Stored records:
+++

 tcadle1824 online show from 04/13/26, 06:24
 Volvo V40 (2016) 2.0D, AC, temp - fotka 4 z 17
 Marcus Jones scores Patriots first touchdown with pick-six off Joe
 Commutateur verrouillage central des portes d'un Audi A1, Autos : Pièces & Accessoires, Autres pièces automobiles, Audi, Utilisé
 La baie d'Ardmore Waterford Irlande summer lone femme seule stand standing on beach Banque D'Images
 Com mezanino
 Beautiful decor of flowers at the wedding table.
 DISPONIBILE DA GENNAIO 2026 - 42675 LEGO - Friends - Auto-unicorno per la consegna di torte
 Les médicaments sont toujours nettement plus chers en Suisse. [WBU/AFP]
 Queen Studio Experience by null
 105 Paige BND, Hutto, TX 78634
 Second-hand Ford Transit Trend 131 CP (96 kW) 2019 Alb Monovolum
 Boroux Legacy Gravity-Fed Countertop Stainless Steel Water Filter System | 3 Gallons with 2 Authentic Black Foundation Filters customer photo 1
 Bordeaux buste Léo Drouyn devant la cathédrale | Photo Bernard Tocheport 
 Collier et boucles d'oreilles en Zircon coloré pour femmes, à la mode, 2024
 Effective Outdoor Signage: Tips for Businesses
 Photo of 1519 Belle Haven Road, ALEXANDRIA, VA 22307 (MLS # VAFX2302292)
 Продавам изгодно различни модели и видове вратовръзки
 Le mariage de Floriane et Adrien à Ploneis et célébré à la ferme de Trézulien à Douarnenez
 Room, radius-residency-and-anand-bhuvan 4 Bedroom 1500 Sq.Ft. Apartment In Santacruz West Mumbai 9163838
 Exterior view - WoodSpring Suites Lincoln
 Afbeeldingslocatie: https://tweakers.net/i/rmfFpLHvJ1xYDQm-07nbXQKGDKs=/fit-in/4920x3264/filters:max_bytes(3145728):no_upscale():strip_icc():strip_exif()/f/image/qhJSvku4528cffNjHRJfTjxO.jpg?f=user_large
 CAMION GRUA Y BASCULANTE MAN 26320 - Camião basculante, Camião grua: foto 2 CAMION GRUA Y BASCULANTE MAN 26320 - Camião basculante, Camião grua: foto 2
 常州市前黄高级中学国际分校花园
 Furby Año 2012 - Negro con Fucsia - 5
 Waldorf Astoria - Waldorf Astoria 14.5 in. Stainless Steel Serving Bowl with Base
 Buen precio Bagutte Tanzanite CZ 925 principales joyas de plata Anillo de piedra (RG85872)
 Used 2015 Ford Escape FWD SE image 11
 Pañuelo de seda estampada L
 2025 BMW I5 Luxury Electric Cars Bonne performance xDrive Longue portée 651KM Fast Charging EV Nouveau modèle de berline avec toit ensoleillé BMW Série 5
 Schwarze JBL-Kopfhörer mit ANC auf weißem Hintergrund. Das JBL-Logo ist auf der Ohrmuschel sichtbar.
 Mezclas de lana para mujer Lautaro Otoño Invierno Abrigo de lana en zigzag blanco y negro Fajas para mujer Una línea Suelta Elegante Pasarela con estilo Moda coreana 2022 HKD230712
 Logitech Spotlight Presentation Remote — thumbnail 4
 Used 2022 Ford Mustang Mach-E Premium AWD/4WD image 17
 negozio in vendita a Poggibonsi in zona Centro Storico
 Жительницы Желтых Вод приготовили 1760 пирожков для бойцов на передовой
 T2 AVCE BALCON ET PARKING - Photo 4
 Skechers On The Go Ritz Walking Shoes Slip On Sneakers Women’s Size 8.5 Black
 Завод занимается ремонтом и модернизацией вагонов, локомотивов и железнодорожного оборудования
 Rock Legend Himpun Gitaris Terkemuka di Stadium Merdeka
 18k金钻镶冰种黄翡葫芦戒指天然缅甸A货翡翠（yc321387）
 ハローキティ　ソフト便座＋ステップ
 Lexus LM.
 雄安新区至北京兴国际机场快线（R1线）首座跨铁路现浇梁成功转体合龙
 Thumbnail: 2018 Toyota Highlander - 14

+++

• **DIRECTIONS**
The records above are to be set down again exactly as written.

• **ANSWER TO THE EXERCISE**
 tcadle1824 online show from 04/13/26, 06:24
 Volvo V40 (2016) 2.0D, AC, temp - fotka 4 z 17
 Marcus Jones scores Patriots first touchdown with pick-six off Joe
 Commutateur verrouillage central des portes d'un Audi A1, Autos : Pièces & Accessoires, Autres pièces automobiles, Audi, Utilisé
 La baie d'Ardmore Waterford Irlande summer lone femme seule stand standing on beach Banque D'Images
 Com mezanino
 Beautiful decor of flowers at the wedding table.
 DISPONIBILE DA GENNAIO 2026 - 42675 LEGO - Friends - Auto-unicorno per la consegna di torte
 Les médicaments sont toujours nettement plus chers en Suisse. [WBU/AFP]
 Queen Studio Experience by null
 105 Paige BND, Hutto, TX 78634
 Second-hand Ford Transit Trend 131 CP (96 kW) 2019 Alb Monovolum
 Boroux Legacy Gravity-Fed Countertop Stainless Steel Water Filter System | 3 Gallons with 2 Authentic Black Foundation Filters customer photo 1
 Bordeaux buste Léo Drouyn devant la cathédrale | Photo Bernard Tocheport 
 Collier et boucles d'oreilles en Zircon coloré pour femmes, à la mode, 2024
 Effective Outdoor Signage: Tips for Businesses
 Photo of 1519 Belle Haven Road, ALEXANDRIA, VA 22307 (MLS # VAFX2302292)
 Продавам изгодно различни модели и видове вратовръзки
 Le mariage de Floriane et Adrien à Ploneis et célébré à la ferme de Trézulien à Douarnenez
 Room, radius-residency-and-anand-bhuvan 4 Bedroom 1500 Sq.Ft. Apartment In Santacruz West Mumbai 9163838
 Exterior view - WoodSpring Suites Lincoln
 Afbeeldingslocatie: https://tweakers.net/i/rmfFpLHvJ1xYDQm-07nbXQKGDKs=/fit-in/4920x3264/filters:max_bytes(3145728):no_upscale():strip_icc():strip_exif()/f/image/qhJSvku4528cffNjHRJfTjxO.jpg?f=user_large
 CAMION GRUA Y BASCULANTE MAN 26320 - Camião basculante, Camião grua: foto 2 CAMION GRUA Y BASCULANTE MAN 26320 - Camião basculante, Camião grua: foto 2
 常州市前黄高级中学国际分校花园
 Furby Año 2012 - Negro con Fucsia - 5
 Waldorf Astoria - Waldorf Astoria 14.5 in. Stainless Steel Serving Bowl with Base
 Buen precio Bagutte Tanzanite CZ 925 principales joyas de plata Anillo de piedra (RG85872)
 Used 2015 Ford Escape FWD SE image 11
 Pañuelo de seda estampada L
 2025 BMW I5 Luxury Electric Cars Bonne performance xDrive Longue portée 651KM Fast Charging EV Nouveau modèle de berline avec toit ensoleillé BMW Série 5
 Schwarze JBL-Kopfhörer mit ANC auf weißem Hintergrund. Das JBL-Logo ist auf der Ohrmuschel sichtbar.
 Mezclas de lana para mujer Lautaro Otoño Invierno Abrigo de lana en zigzag blanco y negro Fajas para mujer Una línea Suelta Elegante Pasarela con estilo Moda coreana 2022 HKD230712
 Logitech Spotlight Presentation Remote — thumbnail 4
 Used 2022 Ford Mustang Mach-E Premium AWD/4WD image 17
 negozio in vendita a Poggibonsi in zona Centro Storico
 Жительницы Желтых Вод приготовили 1760 пирожков для бойцов на передовой
 T2 AVCE BALCON ET PARKING - Photo 4
 Skechers On The Go Ritz Walking Shoes Slip On Sneakers Women’s Size 8.5 Black
 Завод занимается ремонтом и модернизацией вагонов, локомотивов и железнодорожного оборудования
 Rock Legend Himpun Gitaris Terkemuka di Stadium Merdeka
 18k金钻镶冰种黄翡葫芦戒指天然缅甸A货翡翠（yc321387）
 ハローキティ　ソフト便座＋ステップ
 Lexus LM.
 雄安新区至北京兴国际机场快线（R1线）首座跨铁路现浇梁成功转体合龙
 Thumbnail: 2018 Toyota Highlander - 14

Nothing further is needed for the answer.